There has been lots of discussion this week about Labour’s ‘Build it in Britain’ policy. The basic idea being that when large amounts of taxpayer money are being spent on infrastructure or goods, the Government should try to spend the money in a way which promotes British industry.
The amounts of money we are talking about are huge. The Government spends around £200bn every year on private sector contracts, were that money invested back into the British economy the potential benefits in terms of jobs and incomes is significant. Right now the Ministry of Defence is deciding whether or not to award a £285m contract for constructing Royal Navy support ships to a firm based in Japan, a decision which would have a massively negative impact upon the UK’s own ship building industry.

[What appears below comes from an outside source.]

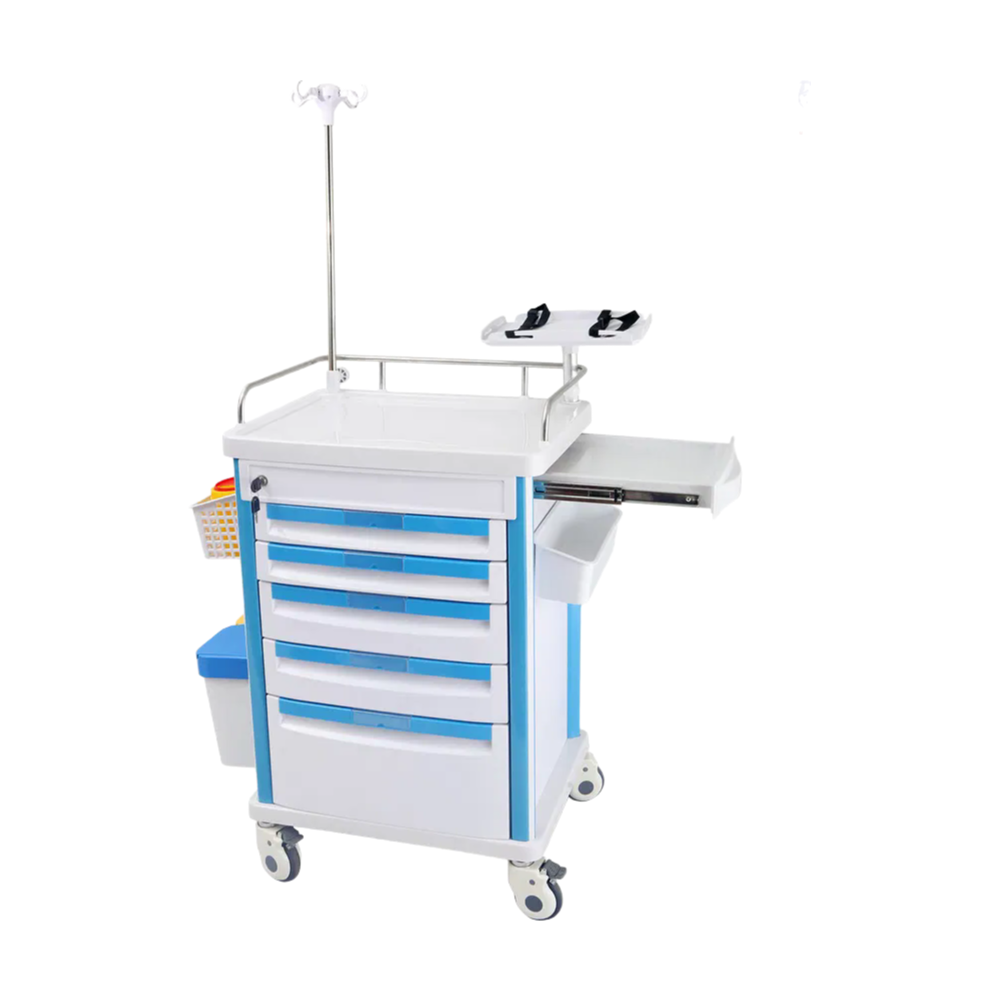 KY-ET625-A Portable Emergency Medical Cart with Defibrillator Platform - ABS Nursing Trolley for Hospital Use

So, Labour are urging a change of direction, instead of contracting overseas let us award them to British firms, let us stand up for jobs in the UK, and let us help to develop a high-skill, high-wage economy which will benefit the many. It is hard to see where the Government’s opposition to this proposal comes from, the policy is far from unusual. Both Germany and France have shown that building at home promotes the national economy and encourages local innovation, something from which the UK could benefit.
In Crawley, the council is already ensuring money from Crawley is invested back into Crawley. While we are legally required to run an open and fair procurement process for contracts, we have built in a requirement to ensure local firms do not go ignored in the tendering process. The council’s Developer and Partner Charter requires firms with council contracts to provide and promote career and small business opportunities in the Crawley area. We even run a ‘Buy Local’ campaign and support events designed to connect local suppliers and buyers.
There is no reason British businesses lack the skills or ability to deliver on Government contracts and there’s no legal reason they can’t be offered them. Labour thinks we should ‘Build it in Britain’, it certainly makes sense to me.